Based on the existing literature on the subject, one can argue albeit the seminal theories on the subject can help us to arrive at appropriate a-priori expectations that COVID-19 deaths can have a robust impact on the foreign exchange market by depreciating the currencies of the major COVID-19 hot spots for the market expectations about the future path of the exchange rates would be downgraded. Nevertheless, since the topic is developing and of global concern, the present study attempts to unravel the nexus between the COVID-19 crisis and exchange rate movements by empirically testing an a-priori hypothesis: the COVID-19 deaths would result in depreciation of the sample economies currencies.

Hence, understanding the relationship between COVID-19 and exchange rate movements is important in assessing macroeconomic performance at the moment. Traders, investors, policymakers, and other stakeholders are all keen to understand the underlying relationship. As a result, we intend to provide evidence on the COVID-19 effects on exchange change rates at the panel level, without limiting our study to a specific country or region. The current study used a large sample from various regions where the impact of COVID-19 on exchange rate movements has garnered little attention to date. In a nutshell, based on the seminal work (Asset-market approach to the determination of exchange rates), this study tested the a priori expectation that an increase in the COVID-19 deaths would depreciate the sample economies’ currencies, causing market expectations about the future path of the exchange rates to be downgraded.

Methods

The present study employed panel data modeling to analyze the impact of COVID-19 deaths (LTD) on the exchange rate (LEXC)Footnote 7 of six COVID-19 major hot spots, namely Brazil, China, India, Italy, Turkey, and the United Kingdom. The COVID-19 deaths are used as a proxy for market expectations.

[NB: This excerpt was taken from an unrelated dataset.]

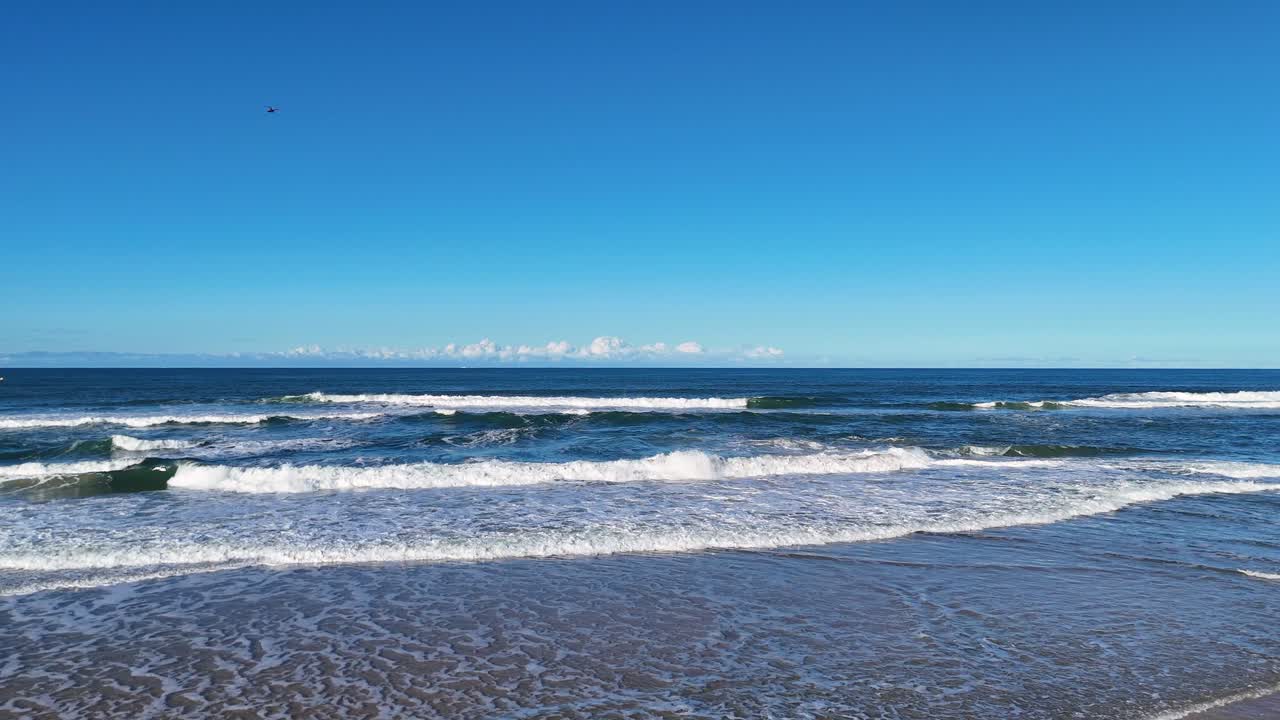 Aerial footage of ocean waves and sandy beach under clear skies at Gold Coast, Australia, showcasing dynamic surf and coastal beauty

More precisely, market expectations can be used to forecast the future values of the exchange rates. Any country that is hit hard by the current black swan event would expect its currency to depreciate considerably, for the market expectations would be downgraded in fear that parts of the economy might need to be shut down. Thus, the demand for the domestic currency would decline substantially. The daily data on the COVID-19 deaths and exchange rates of the sample economiesFootnote 8 have been retrieved from Our World in Data (COVID-19 Database) and Bank of International Settlements, respectively. The daily observations on the variables have been deliberately used from March 11, 2020,Footnote 9 to December 31, 2020.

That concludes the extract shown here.